No âmbito dos condomínios, a mesma regra se aplica: é direito de todo e qualquer condômino a recusa à vacinação.Assim, é ilegal que qualquer condomínio imponha a imunização forçada para que seja oferecido o direito à moradia.

Dessa forma, qual a conduta recomendada para o estabelecimento da segurança da saúde e convivência entre moradores?

COMO PROCEDER EM SITUAÇÕES DE RECUSA À VACINAÇÃO?

 

Apesar de não existirem normas condominiais específicas para o tratamento desta situação, é possível realizar a adoção de algumas estratégias que viabilizam a convivência e o bem-estar coletivo, como:

  • Estabelecer restrições e limites para a circulação em áreas comuns (como piscinas, quadras, praças, academias, salões, etc), exigindo a comprovação da imunização para a utilização;
  • Reforçar o cumprimento de procedimentos de proteção contra a Covid-19 (como o uso de máscaras, higienização das mãos e evitar o contato com outros condôminos);
  • Restringir o recebimento de terceiros (seja para visitas sociais, seja para prestação de serviços), exigindo também a comprovação da vacinação para a liberação de acesso.

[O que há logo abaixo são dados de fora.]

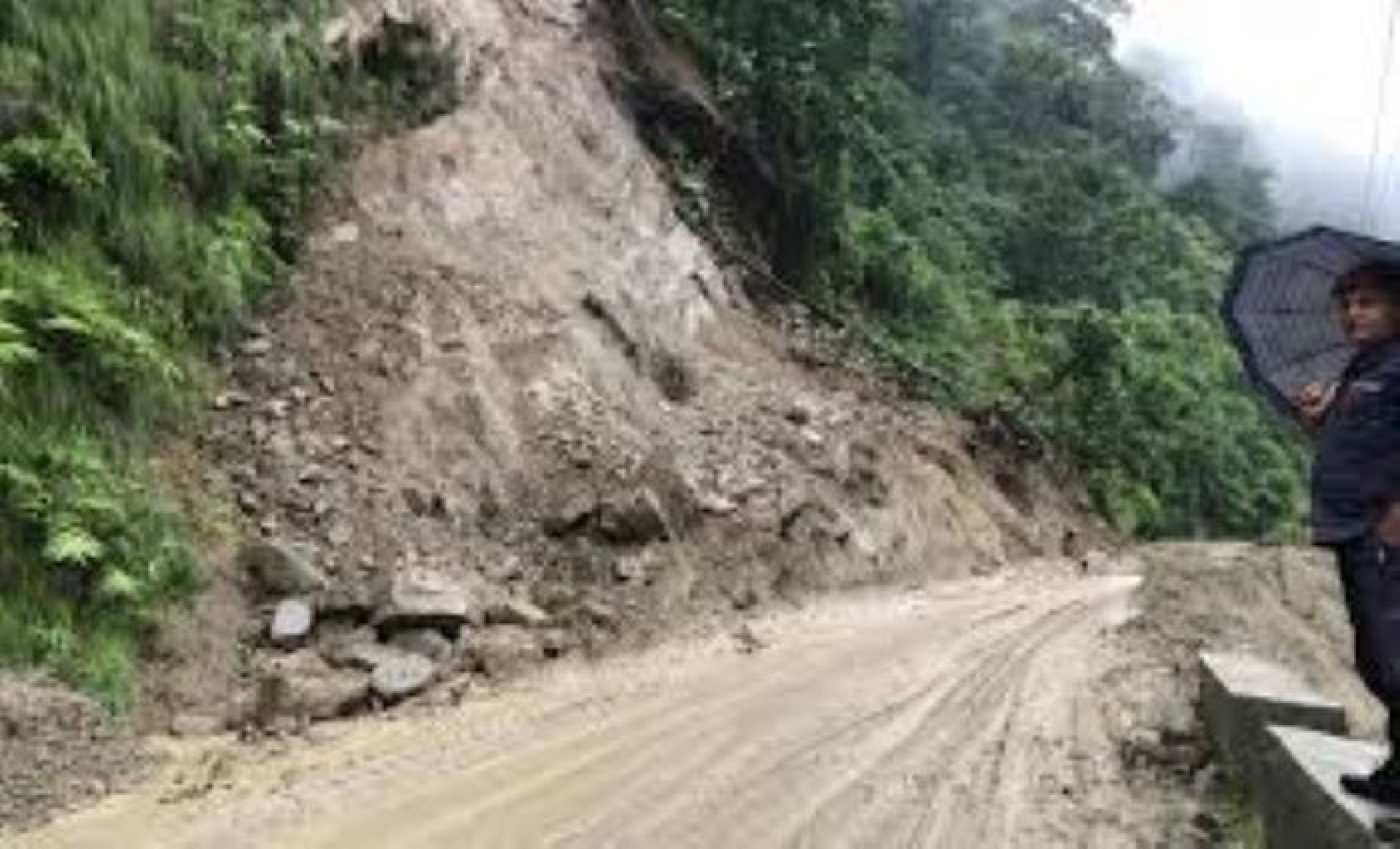 पहिरोका कारण सिद्धार्थ राजमार्ग अवरुद्ध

É preciso salientar que todas as decisões devem ser estabelecidas em assembleia de acordo com o interesse da maioria, sendo padronizadas e oficializadas no Regimento Interno específico do condomínio.

Assim, é de responsabilidade de cada condômino o cumprimento dos acordos e aceitação das penalidades a serem impostas. Por isso, o tema “condomínio e vacinação” pode ser polêmico, mas com as dicas deste artigo, você conseguirá resolver o problema.